SOURCE INFORMATION START
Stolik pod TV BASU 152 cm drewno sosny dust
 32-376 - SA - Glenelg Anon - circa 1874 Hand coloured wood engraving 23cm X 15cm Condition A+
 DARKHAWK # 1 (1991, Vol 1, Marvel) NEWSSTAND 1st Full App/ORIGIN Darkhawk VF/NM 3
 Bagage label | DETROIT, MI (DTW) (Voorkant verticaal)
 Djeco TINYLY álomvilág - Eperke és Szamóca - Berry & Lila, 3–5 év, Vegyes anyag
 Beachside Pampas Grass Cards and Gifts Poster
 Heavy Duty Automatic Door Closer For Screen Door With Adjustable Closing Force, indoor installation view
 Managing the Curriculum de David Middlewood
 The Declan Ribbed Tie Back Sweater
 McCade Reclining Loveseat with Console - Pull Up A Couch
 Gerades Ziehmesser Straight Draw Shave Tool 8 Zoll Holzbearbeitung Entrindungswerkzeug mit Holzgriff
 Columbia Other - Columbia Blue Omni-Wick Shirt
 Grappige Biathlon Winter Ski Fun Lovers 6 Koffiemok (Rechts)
SOURCE INFORMATION END
* **PROBLEM DETAILS**: Please transcribe the records in full, keeping every word as it is.

* **THE ANSWER**:
Stolik pod TV BASU 152 cm drewno sosny dust
 32-376 - SA - Glenelg Anon - circa 1874 Hand coloured wood engraving 23cm X 15cm Condition A+
 DARKHAWK # 1 (1991, Vol 1, Marvel) NEWSSTAND 1st Full App/ORIGIN Darkhawk VF/NM 3
 Bagage label | DETROIT, MI (DTW) (Voorkant verticaal)
 Djeco TINYLY álomvilág - Eperke és Szamóca - Berry & Lila, 3–5 év, Vegyes anyag
 Beachside Pampas Grass Cards and Gifts Poster
 Heavy Duty Automatic Door Closer For Screen Door With Adjustable Closing Force, indoor installation view
 Managing the Curriculum de David Middlewood
 The Declan Ribbed Tie Back Sweater
 McCade Reclining Loveseat with Console - Pull Up A Couch
 Gerades Ziehmesser Straight Draw Shave Tool 8 Zoll Holzbearbeitung Entrindungswerkzeug mit Holzgriff
 Columbia Other - Columbia Blue Omni-Wick Shirt
 Grappige Biathlon Winter Ski Fun Lovers 6 Koffiemok (Rechts)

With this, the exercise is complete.